» **Problem**
Copy the lines below exactly, starting at the one with "Edgewater Inn- Charlevoix, 沙勒瓦 — 照片 1" and ending at the one with "historische Dampflok um", and leave out any picture.

» **Records to use**

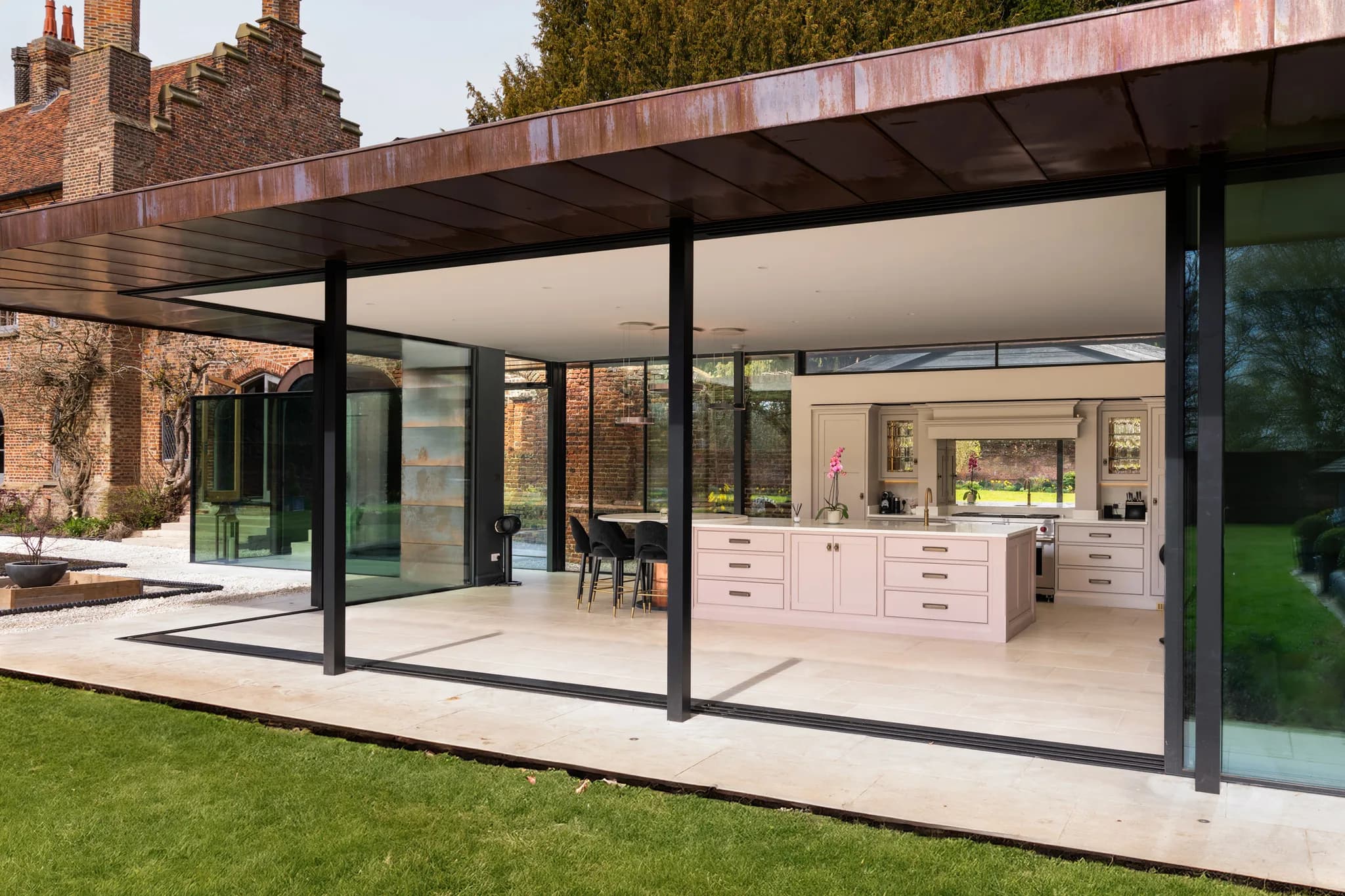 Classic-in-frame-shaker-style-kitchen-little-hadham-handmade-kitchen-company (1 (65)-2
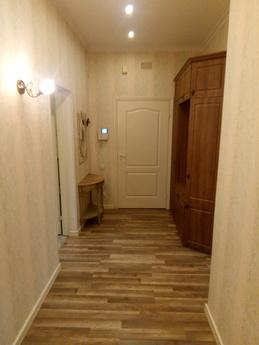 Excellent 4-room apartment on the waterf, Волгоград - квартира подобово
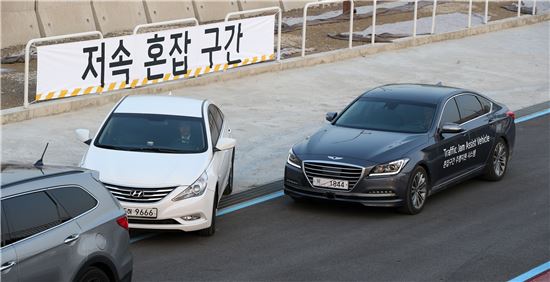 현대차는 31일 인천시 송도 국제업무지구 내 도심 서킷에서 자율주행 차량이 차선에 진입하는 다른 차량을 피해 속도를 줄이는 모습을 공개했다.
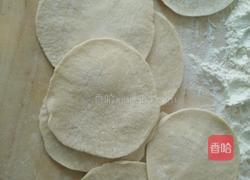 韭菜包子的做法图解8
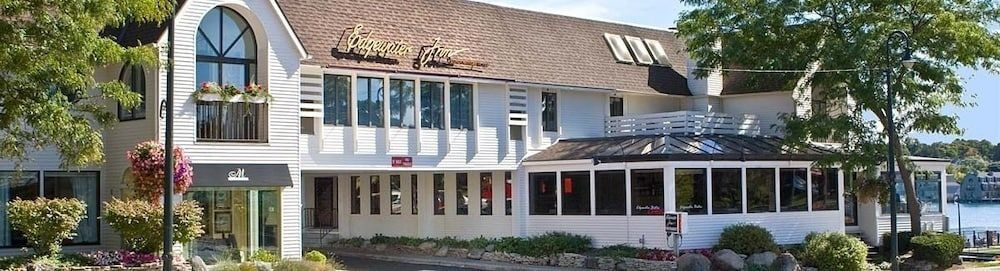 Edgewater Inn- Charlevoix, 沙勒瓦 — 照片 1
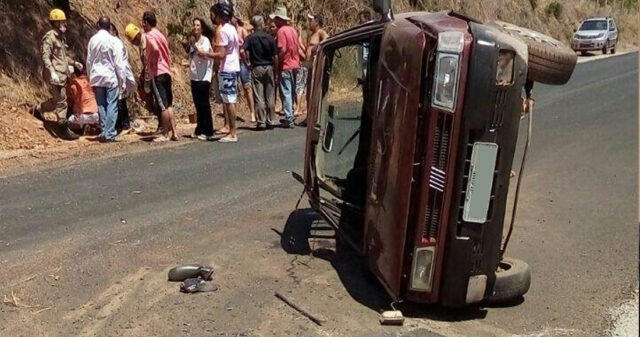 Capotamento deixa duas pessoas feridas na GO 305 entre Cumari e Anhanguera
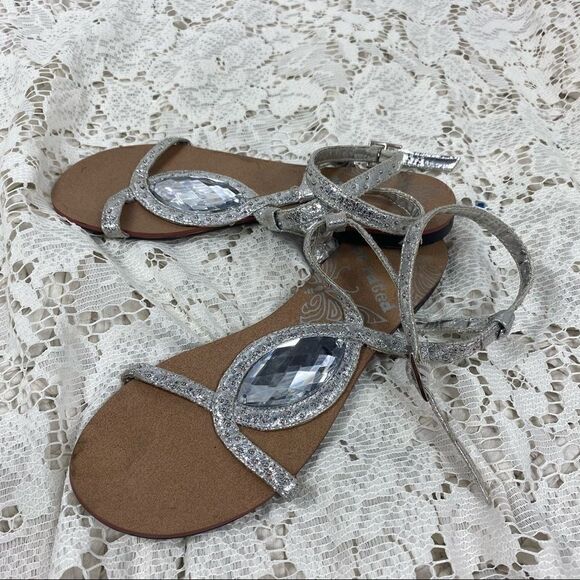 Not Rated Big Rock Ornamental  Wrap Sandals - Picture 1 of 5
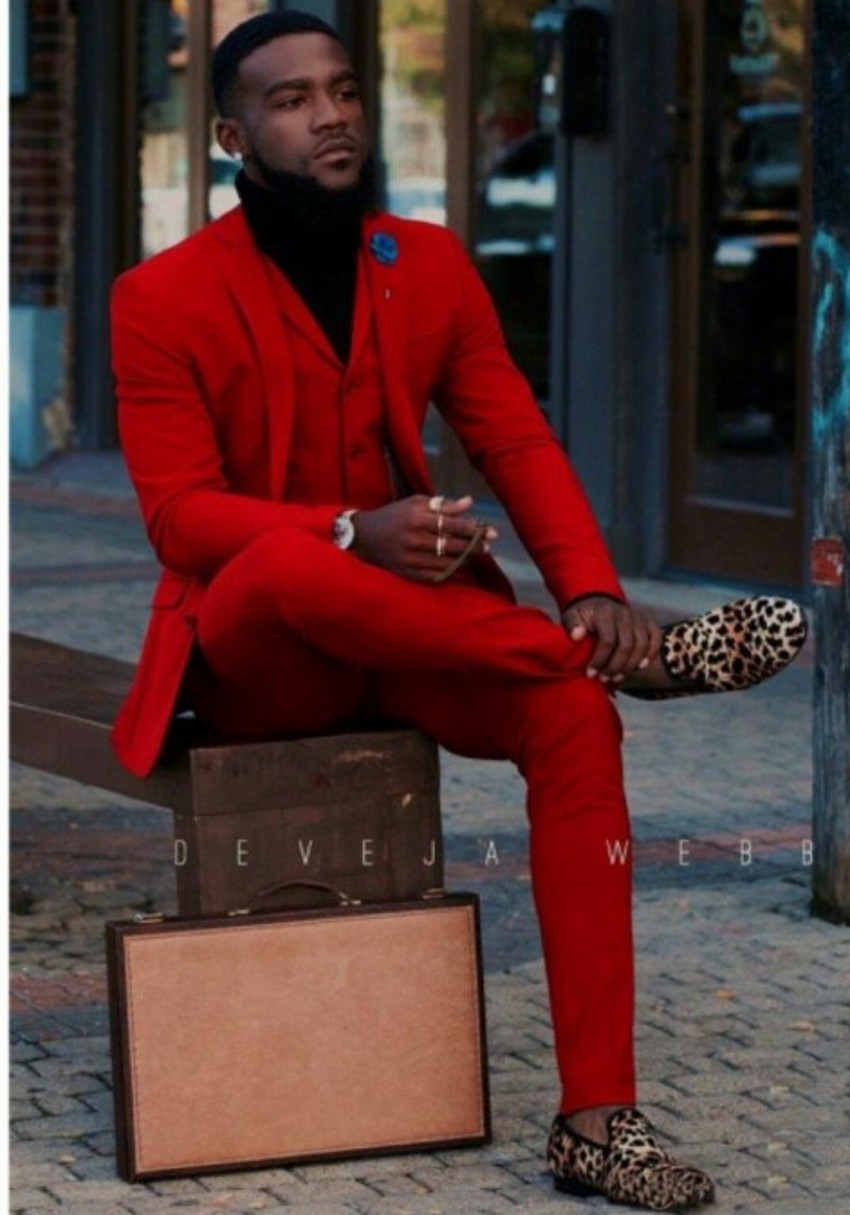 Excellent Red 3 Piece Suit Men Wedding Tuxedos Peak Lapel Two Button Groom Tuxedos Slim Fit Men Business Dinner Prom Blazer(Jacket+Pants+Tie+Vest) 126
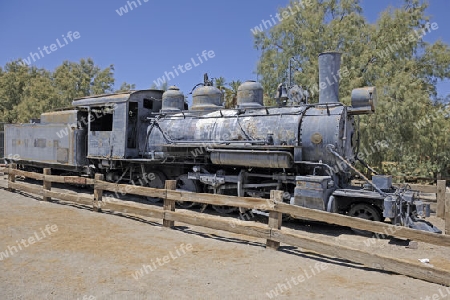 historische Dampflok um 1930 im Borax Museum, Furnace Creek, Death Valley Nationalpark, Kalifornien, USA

...

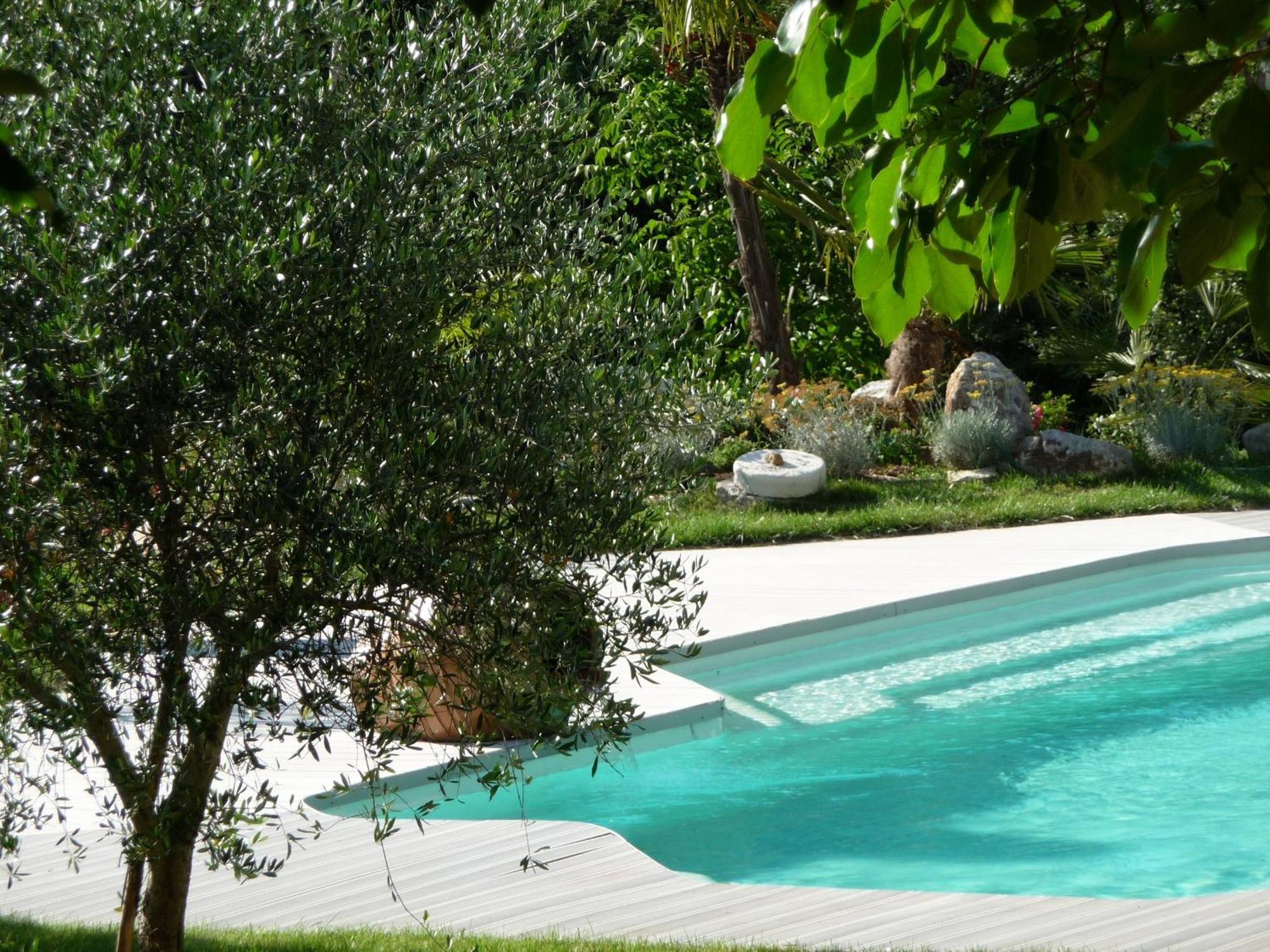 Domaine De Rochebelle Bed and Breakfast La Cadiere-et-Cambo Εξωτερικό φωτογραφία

==

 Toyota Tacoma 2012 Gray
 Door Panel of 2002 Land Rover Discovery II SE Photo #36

» **Task output**
 Edgewater Inn- Charlevoix, 沙勒瓦 — 照片 1
 Capotamento deixa duas pessoas feridas na GO 305 entre Cumari e Anhanguera
 Not Rated Big Rock Ornamental  Wrap Sandals - Picture 1 of 5
 Excellent Red 3 Piece Suit Men Wedding Tuxedos Peak Lapel Two Button Groom Tuxedos Slim Fit Men Business Dinner Prom Blazer(Jacket+Pants+Tie+Vest) 126
 historische Dampflok um 1930 im Borax Museum, Furnace Creek, Death Valley Nationalpark, Kalifornien, USA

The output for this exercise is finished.